This made my day when I found it a few weeks back, so I hope you’ll forgive my sharing my enjoyment. According to Google Scholar, my book with Ike Chuang is one of the ten most cited physics books of all time. Here’s Google’s list (I omit one book, the math text by Kato which has unaccountably escaped into the physics category):

- J. D. Jackson,
*Classical Electrodynamics* - Benoit Mandelbrot,
*The Fractal Geometry of Nature* - S. M. Sze,
*Physics of Semiconductor Devices* - Charles Kittel,
*Introduction to Solid State Physics* - C. W. Allen,
*Astrophysical Quantities* - H. S. Carslaw,
*Introduction to the Mathematical Theory of the Conduction of Heat in Solids* - P. R. Bevington, D. K. Robinson, and G. Bunce,
*Data Reduction and Error Analysis for the Physical Sciences* - H. Schlichting and K. Gersten,
*Boundary-Layer Theory* - P. M. Morse and H. Feshbach,
*Methods of Theoretical Physics* - Michael A. Nielsen and Isaac L. Chuang,
*Quantum Computation and Quantum Information*

There’s many caveats. Google’s citation coverage is incomplete, they seem to double count some citations, and so on. And, of course, it’s not even clear what citation counts mean. Still, this brought a smile to my face; it’s enduringly pleasing to have done something that other people have apparently found quite useful.

Congratulations Mike!

You beat Goldstein, Ashcroft & Mermin, and Landau & Lifshitz! Well done!

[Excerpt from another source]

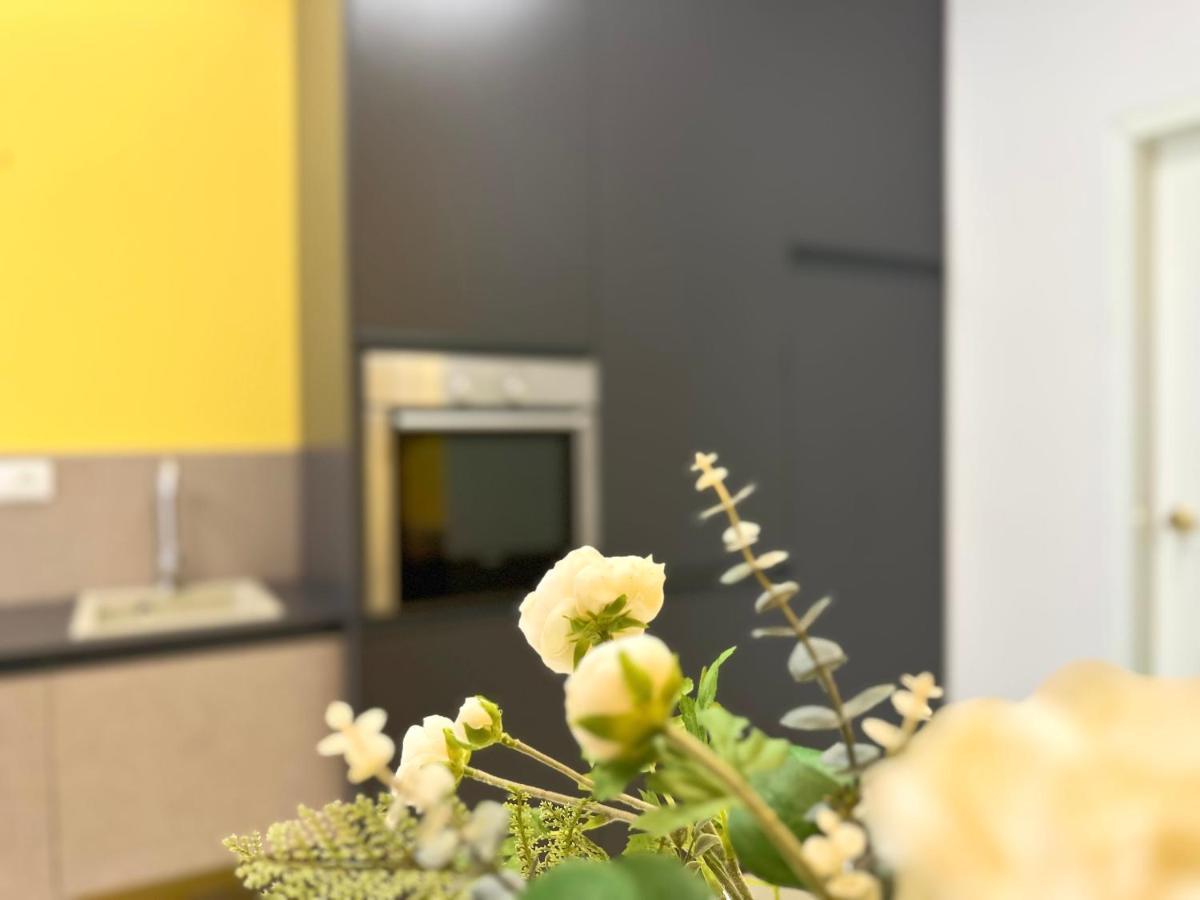 13 Eur For Monthly Stay - Home By The Sea - Hbs โกเลม ภายนอก รูปภาพ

I know how you feel. (or want to, blush)

From a fan.

I’d say have fun, but you are having fun.

That counts as _awesome._

Congrats! That’s fantastic news!

Thankyou, everyone!

Would you consider working on the 2nd edition? That would make an already awesome book perfect.

grad student: thankyou for the compliment! I’m afraid I no longer work on quantum computing, and certainly won’t be working on a second edition.